The snow has fallen and most folks have already completed their Christmas decorating and shopping. Families are wrapping presents and putting the final touches on the tree. Many flock to events like …
The snow has fallen and most folks have already completed their Christmas decorating and shopping. Families are wrapping presents and putting the final touches on the tree. Many flock to events like holiday concerts, caroling and church cantatas. In theme with the season, I will now impart to you festive readers a perfect Christmas story in which nothing at all goes wrong….
A key part of the Christmas holiday is getting the Christmas tree. While some choose to go artificial, I feel that with a family name like Hill, we are sort of obligated to venture forth into the wild to harvest a tree each year.
That was the intention.
December 1st came and went with hardly a wave hello; between work and other obligations, not to mention rifle season, my wife and I quickly realized our opportunity for getting a tree was waning. You see how this perfect story is going so far?
Heading into the weekend of the 14th, we made a plan and truly thought we had things figured out. Then tragedy struck. I work at a school, and just before the weekend, a nasty bug found its way through the staff and students. Unaware of why I was increasingly hot and achy as I completed the workday on Friday, I awoke on Saturday to a temperature of 103. This lovely condition endured for the following 48 hours until the weekend was officially lost. Sacrificed in its destructive wake was the final day of rifle season, two church cantata performances I was supposed to perform in and, last but not least, going out for the family Christmas tree.
Parents out there are probably going to understand our level of compromise and rationalization at this point. With essentially only a week until Christmas, we weren’t being picky anymore. My wife recalled Wal-Mart having had Christmas trees for sale for a decent price. Not only that, but they had mini trees which would be all the more manageable given the fact that we still hadn’t cleaned the house from a weekend of being under the weather.
All right, men—judge me. I rolled up to that superstore, and I grabbed the tag off of one of those two-foot tall pines, paid for it and threw it in the trunk with the accomplishment one feels when compromising from a Camaro to a Prius at the rent-a-car lot.
The ensuing car ride home resulted in the following thoughts from my wife and me as we did that thing couples do when they want to feel better about a joint decision they’ve made out of desperation:
“It’s Rorick’s first Christmas, so the tree will be the perfect size for him since he’s still only nine-months old.”
“It’ll be safer this way, because he won’t be able reach the tree on the table where we’ll put it.”
“We don’t have that much room in the living room anyway, now we won’t have to move the furniture around like last year.”
We made it home, and I manned up and carried our tremendous tree into the house. Part of me felt this must be emasculating to the tree: to be carried in like a dead rabbit, as opposed to being crammed through the doorway like a bull moose whose antlers reach out and take down the nearby photos hanging on the walls.

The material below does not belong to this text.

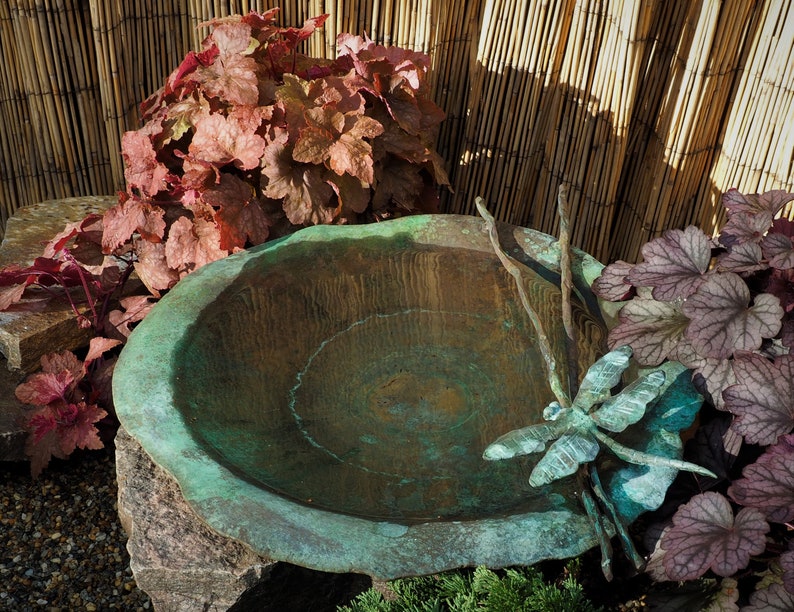 May include: A copper bird bath with a dragonfly sculpture and a wooden stick. The bird bath is surrounded by red and green foliage.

So there’s my perfect Christmas story. I’d like to say, “The way out here, we men go forth into the wilderness and chew down a 12-foot tree like a beaver and carry it 10 miles home just for the fun of it.” But honestly, the way out here means you take care of your family and make sure you give ‘em a good Christmas no matter what that means for your pride. That being said, I can see some good old-fashioned hiking and sawing in my boy’s future.
Merry Christmas to all my readers, and a Happy New Year too.
God Bless, and I’ll see you all in 2020.